The number of travellers heading to Scotland’s Islay – the rambunctious heartland of whisky – are up, too. Some are Parks & Rec fans looking to retrace the steps of Ron Swanson (whose love of Lagavulin was well-chronicled throughout the show’s seven seasons). Others worship at the altar of whisky. I fall into a different category entirely – the I’ll-go-anywhere-once, whisky-curious girlfriend of a long-time single malt fan. Naturally, during the planning stages of a Scottish holiday, the idea of spending a few days in Islay came up; I was game.
If you’re serious about getting your whisky education on Islay, you’ll need at least three full days on the island. Life is slow and the population is small, but base yourself out of Bowmore or Port Ellen if you want easy access to the essentials (namely, a pub meal and a decent bar). To get to Islay, you’ll take a two-hour car ferry from Kennacraig on the mainland. Arriving at Port Askaig, you can kick off the whisky tasting upon arrival… assuming some willing friend – or, ahem, girlfriend – has volunteered to be designated driver.
It’s less than five minutes drive to reach Lagavulin’s sister distillery, Caol Ila. The pot stills (huge kettle-like copper apparatus which distill whisky) look out ceiling-high glass windows to The Paps of Jura – three snow-capped mountains on the nearby Inner Hebridean island of Jura. They might just be the luckiest pot stills on the planet. A few more minutes down the single track road, you’ll reach Bunnahabhain Distillery, where a sweet, fruitier whisky is on the menu; the 18-year-old whisky has flavours of sherry and toffee. It’s here I learned that whisky is never aged in new barrels, but instead is stored in used sherry or bourbon casks, which gives the liquor it’s colour and some of it’s flavour.
Despite failing to appreciate whisky until this trip, I could rattle off the names of more than a few major distilleries (thanks, perpetually overstuffed bar cart). Lagavulin was the bottle I knew to buy my significant other on important occasions, so it had to be a stop on our tour. Their no-bullshit approach to making whisky – and giving tours – is fun, interesting and unintimidating. The distillery sits between Laphroaig and Ardbeg on the South coast of Islay (in nice weather, you can cycle from one to the next).
Right in front of you, fresh water flows down from the mountains and meets the Atlantic sea water which crashes against the shoreline, dragging seaweed up into the channel running in front of the distillery. All three are important elements in making the whisky and developing its flavour; it’s a nice touch, though to the Lagavulin crew, it’s purely practical. In the distance, the bogs which provide the island’s peat supply can be seen. Islay single malt is famous for being knock-your-socks-off peaty, which results in a rich smoky flavour. A visit in December brings cold wind, lashes of rain and grey clouds; it felt appropriate to warm up in the distillery tasting lounge with a dram of 16-year-old Lagavulin in hand.

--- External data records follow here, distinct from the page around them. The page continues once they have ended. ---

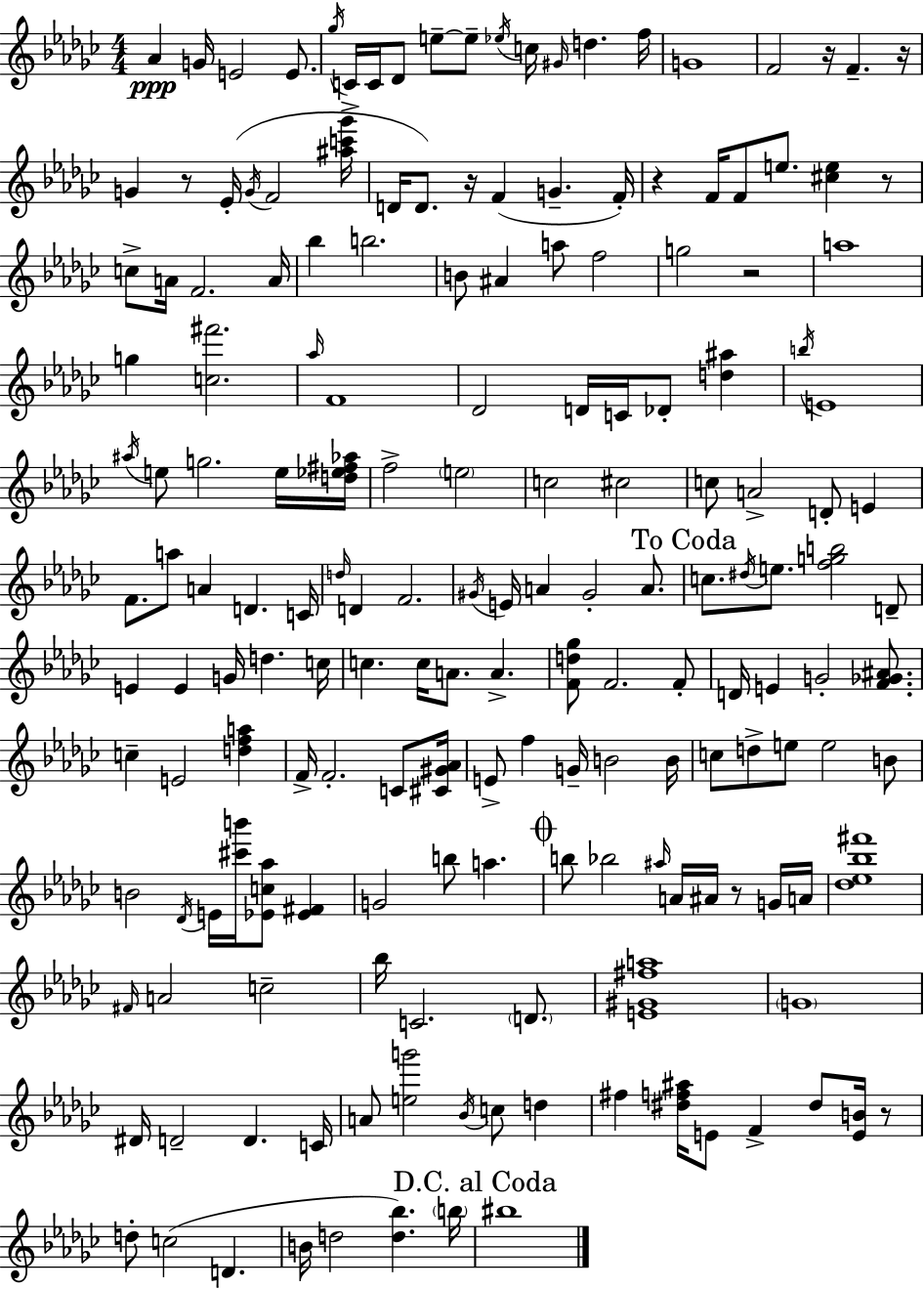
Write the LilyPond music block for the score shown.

{
  \clef treble
  \numericTimeSignature
  \time 4/4
  \key ees \minor
  aes'4\ppp g'16 e'2 e'8. | \acciaccatura { ges''16 } c'16-> c'16 des'8 e''8--~~ e''8-- \acciaccatura { ees''16 } c''16 \grace { gis'16 } d''4. | f''16 g'1 | f'2 r16 f'4.-- | \break r16 g'4 r8 ees'16-.( \acciaccatura { g'16 } f'2 | <ais'' c''' ges'''>16 d'16 d'8.) r16 f'4( g'4.-- | f'16-.) r4 f'16 f'8 e''8. <cis'' e''>4 | r8 c''8-> a'16 f'2. | \break a'16 bes''4 b''2. | b'8 ais'4 a''8 f''2 | g''2 r2 | a''1 | \break g''4 <c'' fis'''>2. | \grace { aes''16 } f'1 | des'2 d'16 c'16 des'8-. | <d'' ais''>4 \acciaccatura { b''16 } e'1 | \break \acciaccatura { ais''16 } e''8 g''2. | e''16 <d'' ees'' fis'' aes''>16 f''2-> \parenthesize e''2 | c''2 cis''2 | c''8 a'2-> | \break d'8-. e'4 f'8. a''8 a'4 | d'4. c'16 \grace { d''16 } d'4 f'2. | \acciaccatura { gis'16 } e'16 a'4 gis'2-. | a'8. \mark "To Coda" c''8. \acciaccatura { dis''16 } e''8. | \break <f'' g'' b''>2 d'8-- e'4 e'4 | g'16 d''4. c''16 c''4. | c''16 a'8. a'4.-> <f' d'' ges''>8 f'2. | f'8-. d'16 e'4 g'2-. | \break <f' ges' ais'>8. c''4-- e'2 | <d'' f'' a''>4 f'16-> f'2.-. | c'8 <cis' gis' aes'>16 e'8-> f''4 | g'16-- b'2 b'16 c''8 d''8-> e''8 | \break e''2 b'8 b'2 | \acciaccatura { des'16 } e'16 <cis''' b'''>16 <ees' c'' aes''>8 <ees' fis'>4 g'2 | b''8 a''4. \mark \markup { \musicglyph "scripts.coda" } b''8 bes''2 | \grace { ais''16 } a'16 ais'16 r8 g'16 a'16 <des'' ees'' bes'' fis'''>1 | \break \grace { fis'16 } a'2 | c''2-- bes''16 c'2. | \parenthesize d'8. <e' gis' fis'' a''>1 | \parenthesize g'1 | \break dis'16 d'2-- | d'4. c'16 a'8 <e'' g'''>2 | \acciaccatura { bes'16 } c''8 d''4 fis''4 | <dis'' f'' ais''>16 e'8 f'4-> dis''8 <e' b'>16 r8 d''8-. | \break c''2( d'4. b'16 d''2 | <d'' bes''>4.) \parenthesize b''16 \mark "D.C. al Coda" bis''1 | \bar "|."
}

Not far down the road at Laphroaig, the experience is a less rough-and-ready, and a little more curated. There’s a museum and extensive gift shop in the main building, which is also where you can taste their whiskies. Laphroaig is one of the only distilleries that does some of their peating on-site; most of Islay’s other distilleries get theirs done at the centralised facility in Port Ellen. Situated in a quiet, scenic cove, the view out of the tasting room windows only adds to the magic.
We made plans to stop at Ardbeg for a dram over lunch at the Old Kiln Cafe, which serves up homemade Scottish favourites like steak pie and haggis, neeps and tatties (translation: haggis, turnips and potatoes). Of course, it helps to call ahead, or do a little Googling before you set off for the day, because we arrived to find a desolate car park and a ‘Closed’ sign. The upside? As a newly-minted whisky lover, I now have a reason to return to Islay – to taste the bold, hearty Ardbeg whisky, one of Islay’s most heavily peated, on home soil.